I might want to run less directed queries. I might want to compare the share price of a company with the rainfall statistics that affect that business. I might want to pull in the data of my purchases and sales of the stock and compare my profit or loss to the profit I might have made in an alternative scenareo.

My feeling of how something like this must work is as follows:

Many of the objectives I have appear to be best met by some XML technologies. Others appear to be best met by existing relational database technologies.

As I mentioned earlier, I'm having real trouble trying to find a technology base that's really applicable. Essentially I'm in the market for a transplantable platform that covers all major data handling functions in a cross-platform, beautifully-integrated manner

I heard a cute quote a while back. Just long enough ago that I don't recall where I saw it or the attributation, but the quote itself was as follows: "XML is like violence. If it doesn't solve your problem, you're not using enough of it". I kind of feel that way. I really like where the XML world is heading in many ways, but in terms of data management (as opposed to data exchange) XML still appears to be in a confused place. At the same time traditional database technoligies are looking outmoded and unagile. I think its a question of unsolved problems.

AJ discussed loss of diversification due to competition in this blog entry. If you follow it through to the "see more" part of his post he discusses the fact that competition doesn't seem to have killed off the various email servers of the internet. We essentially have a "big four". AJ refers to email being somewhat of a solved problem where competition is not really required anymore.

I'm of a mind to think that there's always a money angle. Whereas I think AJ is leaning towards technical issues when he talks about solved problems, I would lean towards the economic issues. Mail servers don't suffer a lot of compeition because they've already reached a price point where they're a commodity. The fact that none can gain an effective foothold over the others on a technical basis maintains the commodity status. I think the fact that several offerings are free software helps contribute to the commoditisation of the solutions and therefore the continuing diversity of choice.

Five years ago it looked like data management was a solved problem, too. Relational databases were and still are king, and back then it looked like they would stay king. The XML hype has put question marks over everything. XML has become the standard way of doing data interchange, so the data storage has to become more and more XML friendly. At the same time we've also been transitioning from a world of big backend monolithic databases to a world of loosely-coupled, distributed data and data more closely tied to an individual user and their desktop than to the machine. We want to carry more data around with us so we can look at our data at work as easily as we can at home. We want to be able to look at it again while we're on the train.

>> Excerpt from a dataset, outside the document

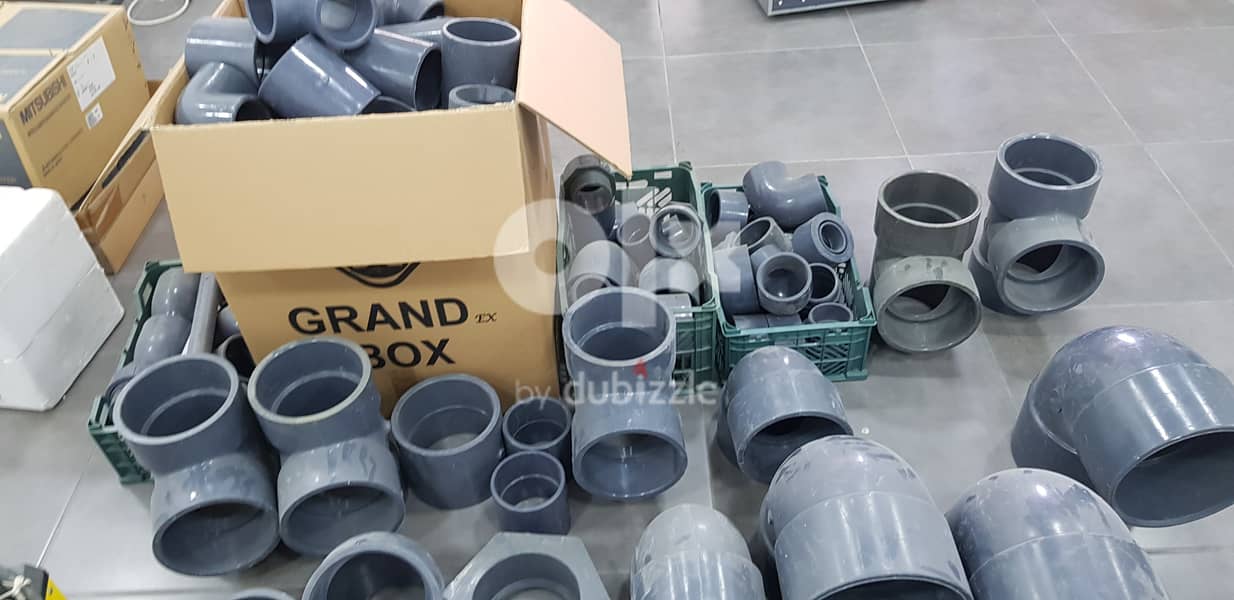 High pressure PVC fittings 1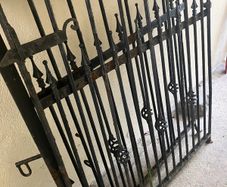 Cast Iron Gates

I think that some form of XML technology will eventually be involved with filling the gap between what the big databases currently provide and what we actually need. We've had several attempts to fill it so far. sqlite is awesome for little things but it's still hard to get the data in and out. Web services are starting to lean away from the big iron and onto the desktop, especially with Longhorn's Indigo offerings coming in a few years. Actually, I suspect that the only technology we'll still be betting our businesses on in five years time in the data management arena will be XPath, which has already survived quite a few major changes of hosting environment. XPath has even been implimented in silicon. It's really hard to pick what's going to happen above that level. Will XQuery really pick up? Will it be superceeded by something more geared towards querying and collating results from multiple web services? Again, I don't really know.

In the end I think the data management world has some catching up to do before it can fill the new niches and still claim to be mature technology. What we do now will influence that process. As for my usage, I'm still undecided but I'm watching the stars and the blogs and the news for signs that a uniform approach is starting to emerge.